Commenting
in 1903 on the dreadful working conditions of Belfasts
mill and shipyard workers, James Connolly observed
that Belfasts industrial conditions
are the products of modern industrial slavery and
can be paralleled wherever Capitalism flourishes.
100 years on and despite the floundering of Belfasts
two main industries, a different generation of shipyard
and industrial workers and their families are suffering
from the legacy of dangerous working conditions and
deliberate industrial negligence. Asbestos related
disease is said to have claimed the lives of over
3,000 people a year in Britain with this number likely
to increase to 10,000 people a year by 2020. In the
North of Ireland hundreds of people have died as a
result with thousands of more deaths expected in the
years to come. Caused by inhaling the fine asbestos
dust, a mineral commonly used in the construction
industry up to the 1970s, victims can suffer
from four different forms of the disease: asbestosis
which is scarring of the lungs; lung cancer; mesothelioma
which is cancer of the lining of the lungs and chest
or pleural disease which is fluid on the lungs.
There are no cures and with symptoms taking up to
40 years to appear many people suffer and die from
the effects of asbestos exposure without realising
it. Victims range from the men who worked, unprotected,
with asbestos material even after companies became
aware of its harmful effects, others are the women
and children who shook asbestos dust out of their
work clothes and, in some cases, to people who worked
in construction projects that included the installation
of asbestos insulation inside buildings. Today, for
most sufferers being diagnosed is only the beginning
of a long battle for justice and compensation, a process
that often sees them being victimised again by former
employers, the British Government and insurance companies,
all of whom would rather stay silent rather than deliver
justice to these victims.
In
his collection of essays Some Recent Attacks,
Essays Cultural and Political, James Kelman
argues that there is a war being waged by
the State against the victims of asbestos
and that many people who are not diagnosed properly
by the medical profession remain ignorant of the cause
of their illness. Other victims never get to know
that their deteriorating condition is a prescribed
industrial disease caused through negligence. As the
condition must be diagnosed before any redress can
take place the ignorance or downright dismissal of
the disease among the medical profession has caused
many problems for the sufferers. Many find sickness
benefits and compensation claims hampered or delayed.

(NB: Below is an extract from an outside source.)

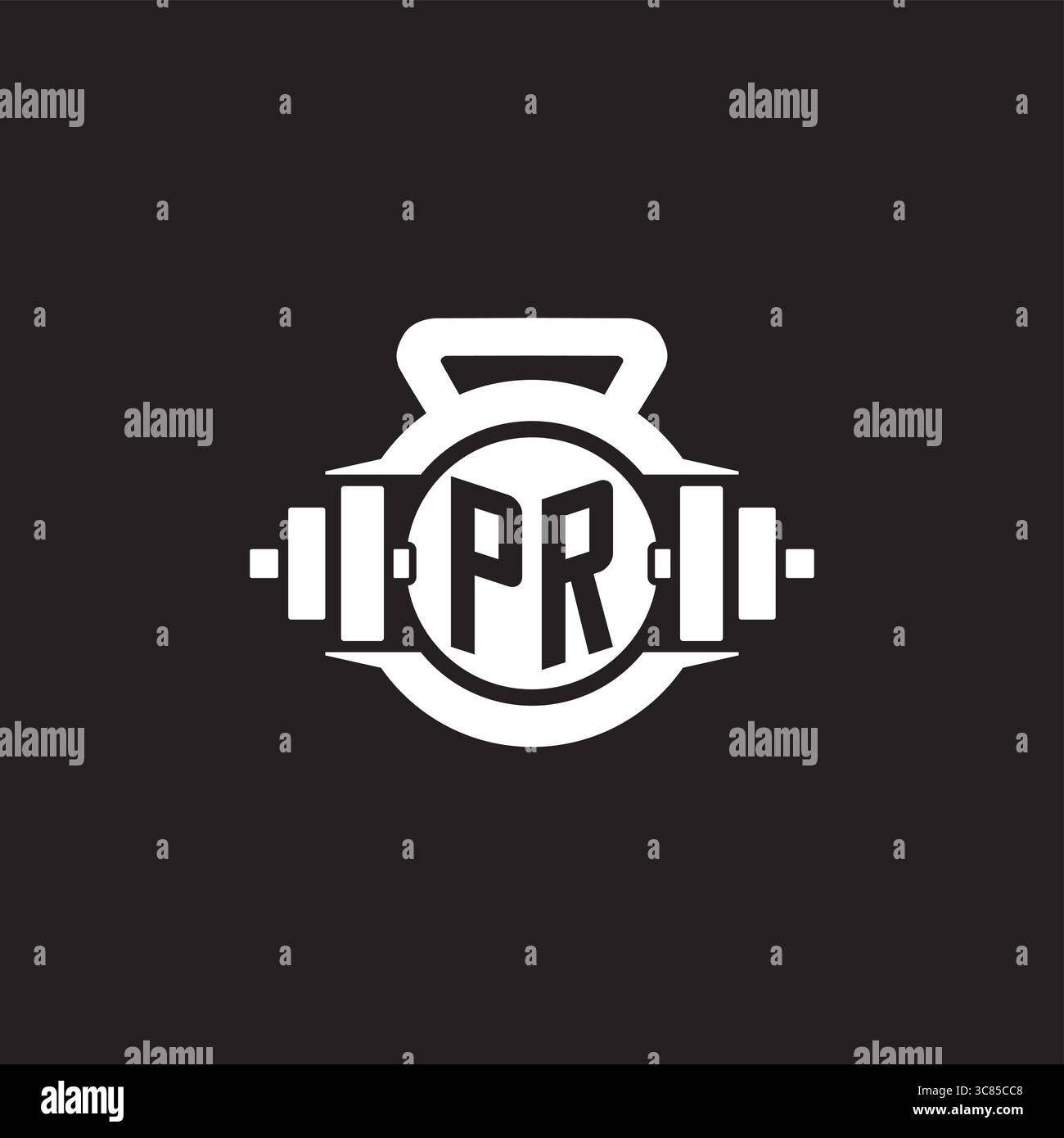 Initial PR logo design ideas with simple dumbbell and kettlebell icon vector graphic vector graphic Stock Vector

While suffering from the crippling pain of the disease,
victims and their families face uphill battles to
secure compensation from those responsible. In most
cases the burden of proof falls to the victim and
by the time the disease is diagnosed, the employer
accountable may have gone out of business, or the
time-lapse may prove a major obstacle to bringing
a successful court action. What can only be calculated
stalling by insurance companies, former employers
or sub-contractors (those employed by sub-contractors
are at a greater disadvantage, as they are sometimes
required to prove which company is culpable but it
is difficult to pinpoint at what time the fatal exposure
occurred) and the British Government has led to
many people dying before their cases reach a conclusion.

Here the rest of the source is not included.